To create a clearer vision for the future and more proactive policies, the ACS Futures Committee reflected on such questions as: What will the health care system look like in 2025? Who will have access to it? Who will pay for it? And what can we do now to build a proactive, responsive system that meets the needs of patients, legislators, surgeons, and other health care practitioners?

Predict the future by creating it

The Futures Committee was formed at the urging of ACS Past-President LaMar S. McGinnis, Jr., MD, FACS (see committee roster at the end of this article). In his final Presidential report to the ACS Board of Regents in 2010 recommending the formation of the committee, Dr. McGinnis emphasized that the best way to predict the future is to create it.

“Many other organizations have done futuring exercises with beneficial results,” he said, “and I think it’s important for the College to cast itself in a proactive rather than a reactive stance.” Dr. McGinnis oversaw a similar study by the American Cancer Society during his presidential year with that organization in 1995 and reminded surgeons that “other organizations are not our competitors. They are our compatriots.”

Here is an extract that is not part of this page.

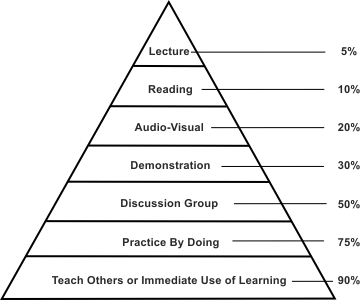 games for_training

Dr. McGinnis views the futuring activity as a start toward systemic reviews at the ACS that will center on not only health care issues but that will also focus on such general themes as health policy, medical economics, surgical science, technology, and education and training. This activity should be ongoing, according to Dr. McGinnis, “not episodic and not encumbered by hubris.”

“There was a kind of vision that early College leaders had. They realized that surgeons must work in the proper environment of a hospital, so the founders set out to standardize hospitals,” Dr. McGinnis said. “They set a goal, and in 1917, they created the hospital standards program, which eventually evolved into what we now know as The Joint Commission.” With their attention focused on the well-being of patients, the founders took actions that promoted a principle that continues to guide the College, he said.

“If you look back 100 years and consider what was happening then and how we defined what medicine was, you can view this current time of change and pain as an opportunity to address our mistakes and try to make them better,” said Futures Committee member Tyler Hughes, MD, FACS. “These are going to be tough times for patients and physicians,” Dr. Hughes said, “but we’ve been there before.”

Reviewing alternative futures

To help develop possible scenarios for the future of health care, the College worked with the Institute for Alternative Futures (IAF), based in Alexandria, VA. The committee met face-to-face only once but also communicated through a number of conference calls. During these discussions, committee members considered what health care might look like in 2025, and based on those discussions, the IAF created four scenarios.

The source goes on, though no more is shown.